Dataset excerpts ▸
====
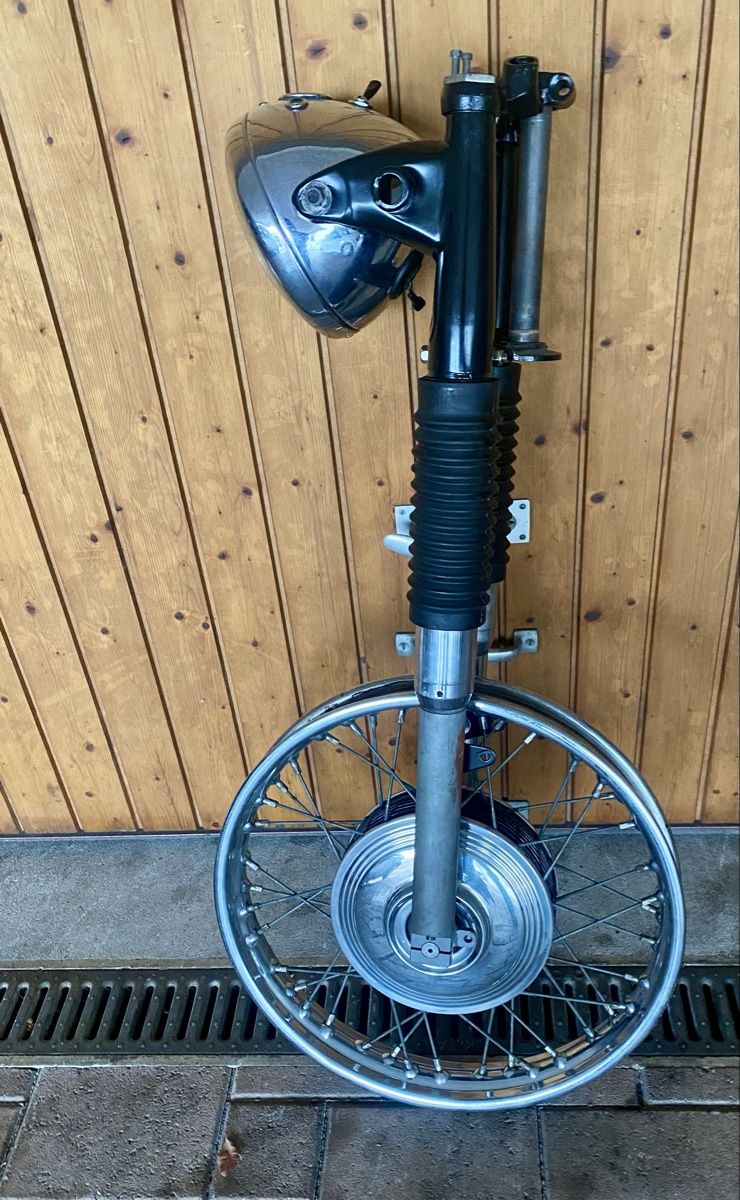 Strada: Triumph Gabel mit Rad und Lampe – Usato da Bubikon venduto da Triumpht140 2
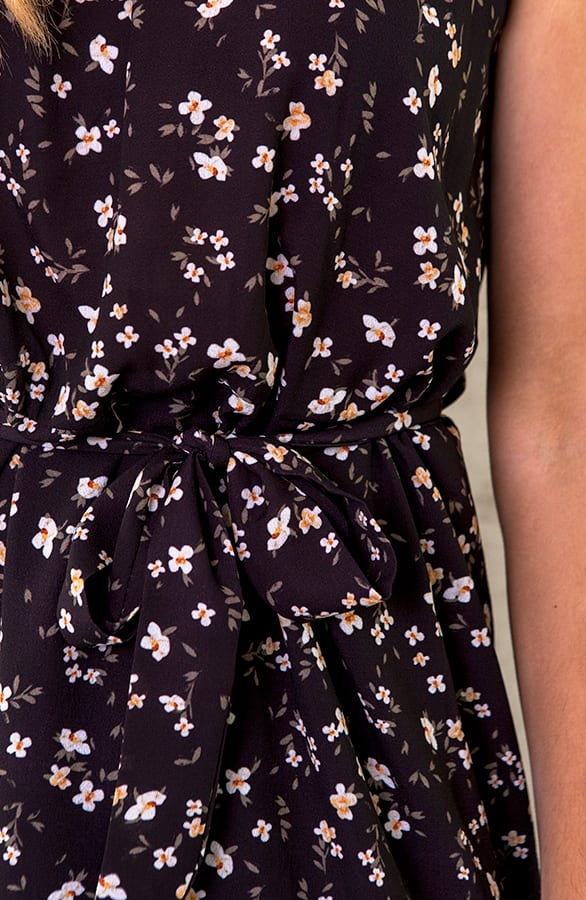 Halter Jurk Met Bloemenprint Zwart – shoparchief, foto 5
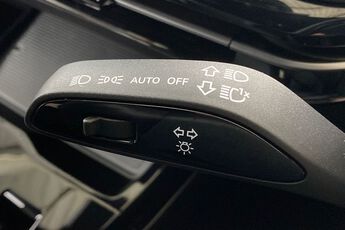 MG MOTOR UK MG4, , hi-res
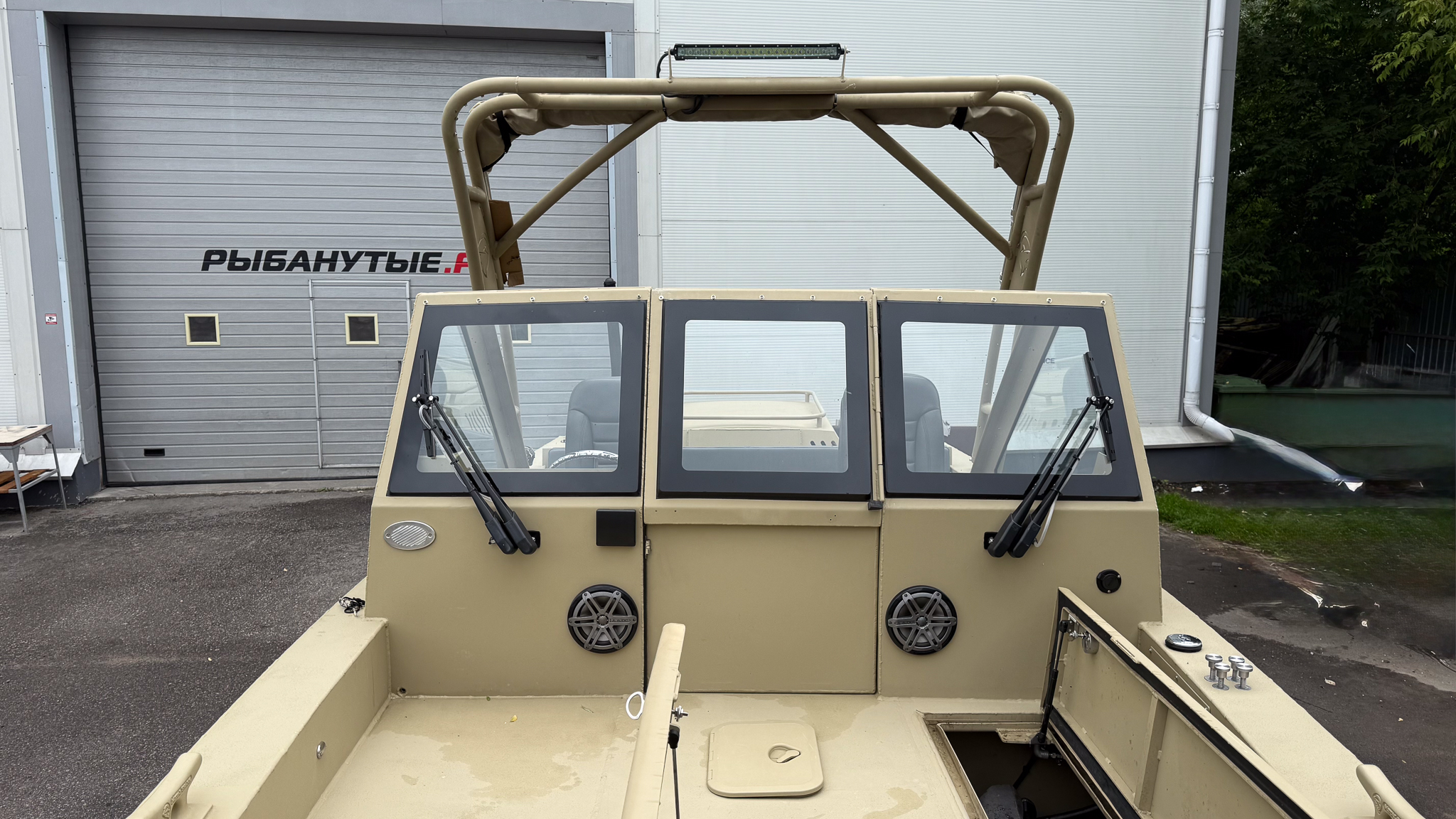 Болотоход Metal Shark 24 Swamp Shark + прицеп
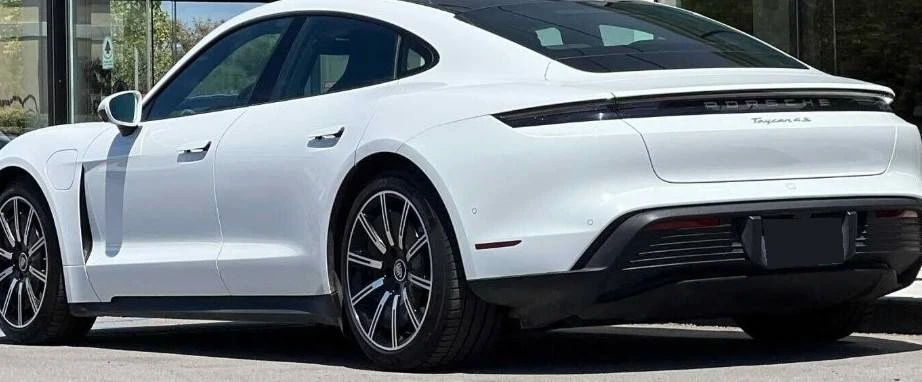2020 Porsche Taycan 4S - Image 4 of 4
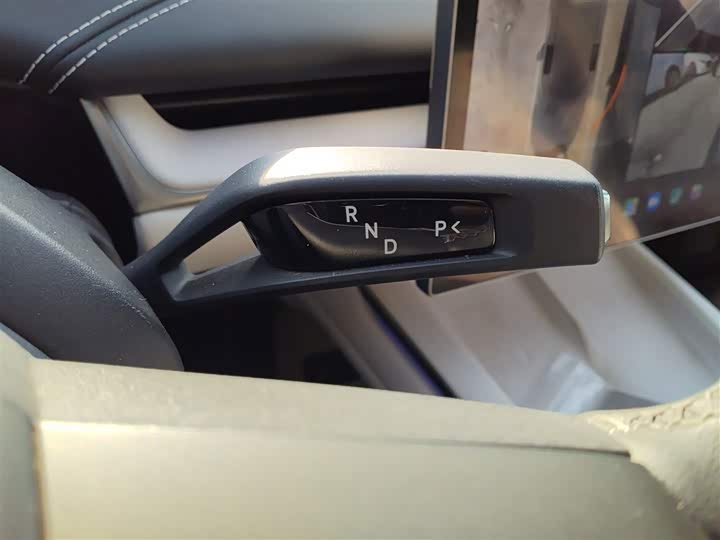 Фото 14 - Xiaomi SU7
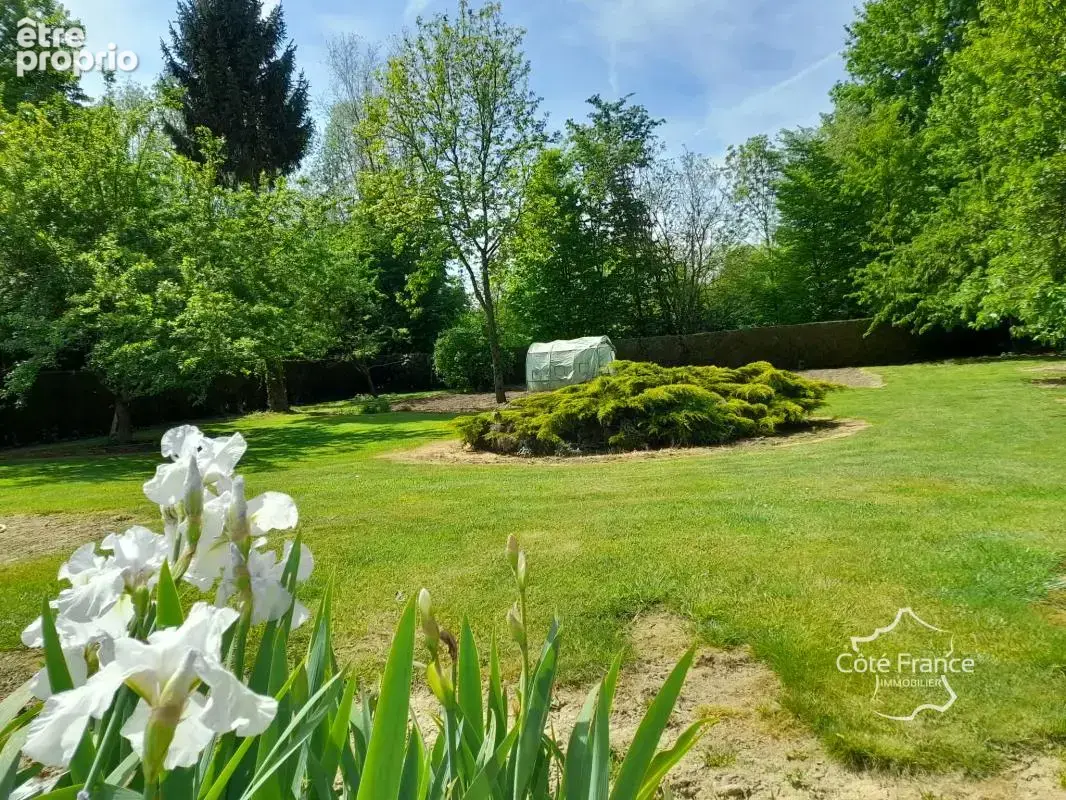 A proximité de tous commerces, lot de 3 maisons avec piscine - photo 4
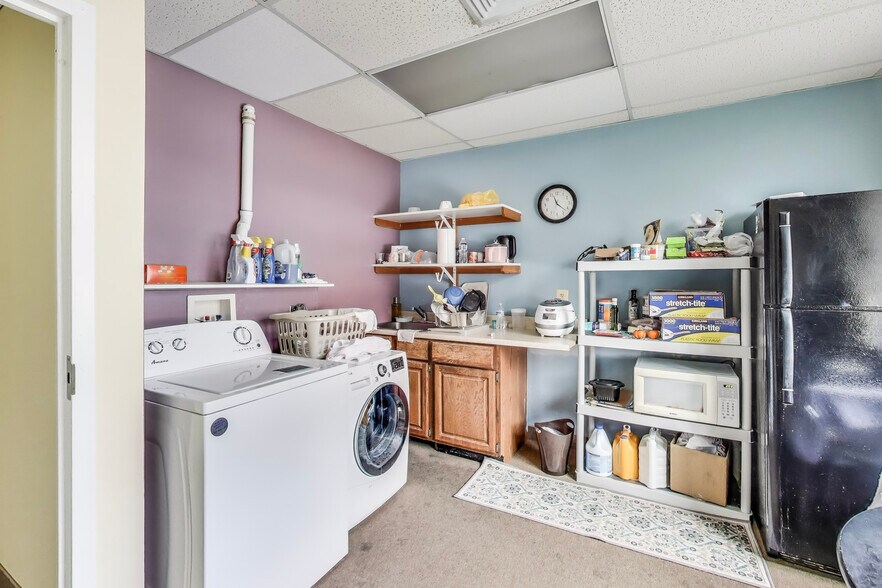 More Photos Of 6400 Seven Corners Pl, Falls Church Office For Sale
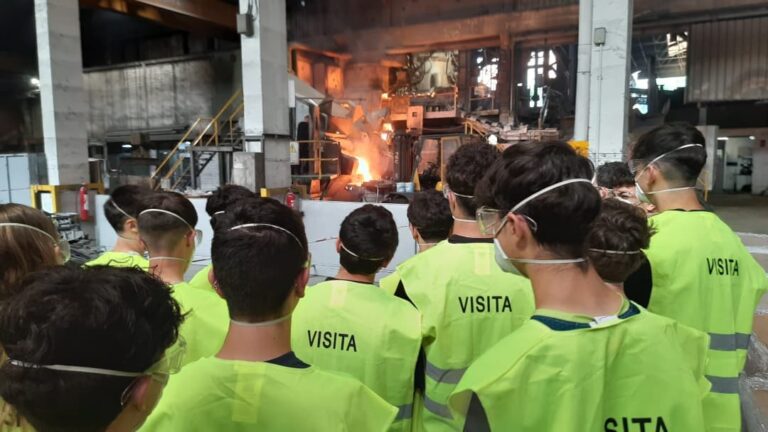 Visita d'un institut a l'empresa industrial Funosa. | Foto: Institut Pere Vives.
====
Problem to solve ▸
From the first line above down to the line with "Болотоход Metal Shark", reproduce every line and no others, omitting pictures.

Response box ▸
 Strada: Triumph Gabel mit Rad und Lampe – Usato da Bubikon venduto da Triumpht140 2
 Halter Jurk Met Bloemenprint Zwart – shoparchief, foto 5
 MG MOTOR UK MG4, , hi-res
 Болотоход Metal Shark 24 Swamp Shark + прицеп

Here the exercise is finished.